Der vergessene Dirigent
Hans Schilling wird erstmals porträtiert
In der Augsburger Musikgeschichte war er mehr als eine Episode. Immerhin vier Jahre lang leitete Hans Schilling (1868-1950) die Augsburger Musikschule, den Vorläufer des Leopold-Mozart-Konservatoriums, und zeitweise auch den Oratorien-Verein. Obwohl er künstlerisch durchaus überzeugende Konzerte aufführte, sollte ihm in den Inflationsjahren 1923/24 kein dauerhaftes berufliches Glück in Augsburg beschieden sein. Günther Grünsteudel porträtiert Schilling in der neuen Zeitschrift des Historischen Vereins für Schwaben (Band 110), WissnerVerlag, 486 Seiten, 25 Euro.
Der Fachreferent für Musik der Universitätsbibliothek hat erstmals Schillings Nachlass ausgewertet, der dort verwahrt wird. Er gewinnt ein differenziertes Bild über den Dirigenten und Komponisten, der sich bis zum Ersten Weltkrieg mit Begeisterung auch einer militärischen Laufbahn hingab. Seine Musikerlaufbahn begann 1904 als Kapellmeister in Metz. Richard Strauss und Gustav Mahler hatten im Jahr zuvor bereits zwei frühe Werke Schillings in Berlin und Basel uraufgeführt. Das Stadttheater Augsburg hatte der in München geborene Kapellmeister schon 1905 im Visier, ging aber leer aus. Er fand anderweitig Engagements, so dirigierte er 1908 in Düsseldorf die Uraufführung seiner Oper „Sonnwendglut“. Vielversprechend verlief seine Tätigkeit in London und England; am Covent Garden leitete er als Erstaufführung Strauss’ „Rosenkavalier“, ein riesiger Erfolg. Er „schien das Werk im kleinen Finger zu haben“, begeisterte sich der Kritiker.

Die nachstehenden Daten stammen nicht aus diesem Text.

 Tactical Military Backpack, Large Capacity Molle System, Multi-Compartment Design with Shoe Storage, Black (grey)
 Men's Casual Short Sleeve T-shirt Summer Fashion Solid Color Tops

Weil durch die rasante Geldentwertung sein ererbtes Vermögen dahinfloss, bewarb sich Hans Schilling im September 1921 um die vakante Direktion der Augsburger Musikschule und wurde unter 55 Bewerbern ausgewählt. Er stürzte sich mit Feuereifer, so Grünsteudel, in die neuen Aufgaben und vermehrte das Lehrangebot an Instrumental- und Gesangsunterricht, Kammermusik, Musiktheorie und Rhythmischer Gymnastik. Im Jahr darauf begründete Schilling die Kirchenmusikausbildung der Musikschule. Im Januar 1922 nahm er die Reihe von Kammerkonzerten im Börsensaal wieder auf – sein Rezensent nannte die Aufführung von Schuberts „Das Paradies und die Peri“eine „Offenbarung“. Gelobt wurden die geschulte Musikalität und die Affekte des Chorklangs; das städtische Orchester „spielte beseelt und klangvoll und ließ sich von der belebenden Art Schillings sicher führen“. Auch eine Brahms-Feier und die Matthäuspassion wurden Triumphe.

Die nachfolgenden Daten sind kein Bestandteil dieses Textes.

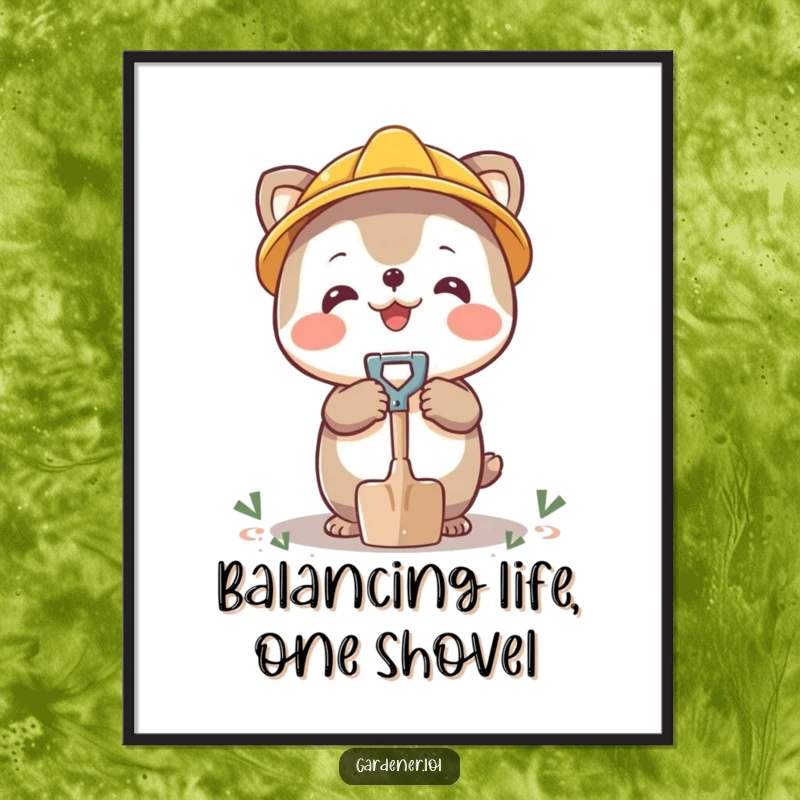 Funny Free Printable Wall Art: Happy character skillfully balances a tiny shovel on its nose, adding playful charm and whimsy indoors.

Dem Stadtrat hatte Schilling im Oktober 1922 einen ausgearbeiteten Antrag auf Übernahme der bis dahin von einer Stiftung dürftig finanzierten Musikschule überstellt. Derweil stürmte Schilling weiter und warb im Frühjahr 1923 für eine „Romantische Woche“. Hans Pfitzner sollte dirigieren, doch es wurde zu teuer. Schilling triumphierte, als er im November 1923 Pfitzners Romantische Kantate allein mit örtlichen Kräften im Ludwigsbau grandios aufführe.
Der Kapellmeister fiel aber bald darauf im Frühjahr 1924 der Personaleinsparung zum Opfer – und seiner beim Hitlerputsch gezeigten nationalsozialistischen Gesinnung. Im April 1930 trat er in die NSdAP ein und wurde 1933 bayerischer Obmann der Reichsmusikkammer. Er erlebte noch die Uraufführung seiner „Sinfonischen Miniaturen“und seiner „Missa aprocryphica“, ehe er am 19. November 1950 starb.